I often do something similar 

scb


----------



## dillbert (Jul 2, 2008)

RP -

at this time of year there's absolutely no substitute for vine ripe redredred maters.

scald, peel, de-seed - now you got the basics.
not especially quick - short cut: something canned in the tomato line.....

s&p
onion/shallot/leek - or a mix thereof
garlic if it floats your boat
finely diced celery (cook time...)
diced green pepper
dice pepper with (heat of your choice) - I tripped over banana peppers and am enjoying "doing everything long slender and sorta' yellow....."
mystery ingredient: mashed up anchovy
mystery II: shot of bourbon/brandy - or a veddy tart white wine

I find the approach of: "pick a flavor direction" and keep it simple stupid works mucho best grande.....


----------



## boar_d_laze (Feb 13, 2008)

Here's something very easy and kickback; I originally wrote it for Jason. You may want to tweak it with some red pepper flakes. Dress it down with some grilled meat, preferably sausage in onions and peppers, and some garlic toast on the side. 

Sugo for Paisans:

1 onion, chopped
2 cloves of garlic, minced
2 tbs tomato paste
3 tbs extra virgin olive oil
1 28 oz can plum or (preferably) San Marzano tomatoes, whole, peeled and seeded; or, 1 28 oz can of crushed tomatoes (see Note.)
3 tbs sugar, divided
1 glass red wine
2 tsp instant coffee
1 tsp red pepper flakes
2 tsp dried basil
1 tsp dried oregano or marjoram
1 tbs salt, divided

Drain the tomatoes, reserve the juice, and rough chop the tomatoes.

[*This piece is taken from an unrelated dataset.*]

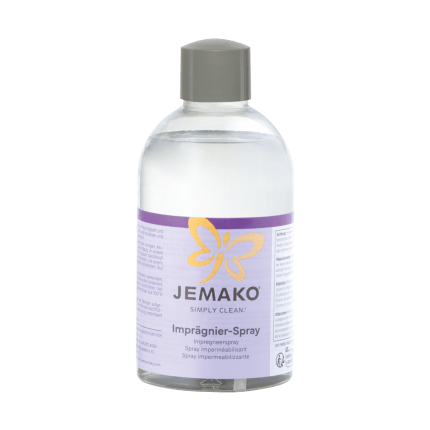 Spray imperméabilisant, 250 ml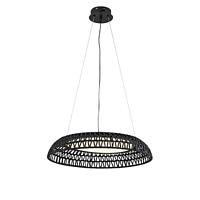 Дополнительная картинка Подвесной светильник Conrad F-Promo 4752-5P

Saute the onions on medium high heat in olive oil until sweated and just beginning to brown. Add the garlic and cook until fragrant, two minutes at most. Add the tomato paste, and move the vegetables through it. Cook until the paste darkens, another three or four minutes.

Add the tomatoes, half the juice, reduce the heat to medium, and bring to a simmer. Adjust the flame to hold a medium simmer. Add 2 tbs sugar, the wine, the instant coffee (or a shot of espresso) and the pepper flakes. Simmer 15 minutes, until wine is cooked.

Taste and adjust for sugar and wine. Add the herbs, crumbling them into the sauce. Let simmer another 15 minutes.

Taste and adjust for herbs, and salt. It may not need any salt, depending on the type of tomatoes ues. Continue to simmer until the tomatoes are almost, but not completely melted. Probably another half hour, altogether. If sauce is too thick, thin with the remaining juice, water, and/or wine as desired.

This sugo is as unadorned as can be, add anything that tickles your fancy. 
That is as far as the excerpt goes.